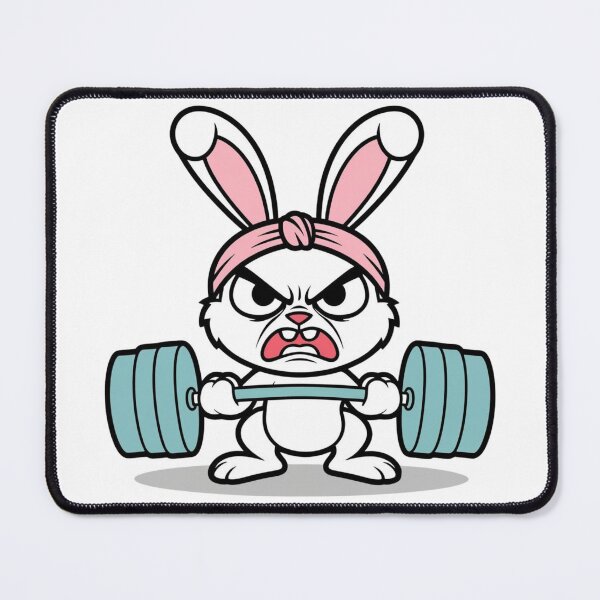 Item preview, Muscular bunny designed and sold by ZenFray.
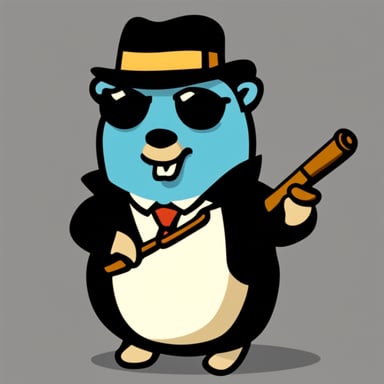 Go Blue Gopher as Al Capone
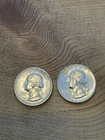Two 1946-S Washington Quarters 90% Silver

-=-=-

• EXERCISE GOAL
Leave out the pictures, and retype exactly the lines from the one containing "Go Blue Gopher as Al Capone" through the last line of the data above, no more and no less.

• SOLVED EXERCISE
 Go Blue Gopher as Al Capone
Two 1946-S Washington Quarters 90% Silver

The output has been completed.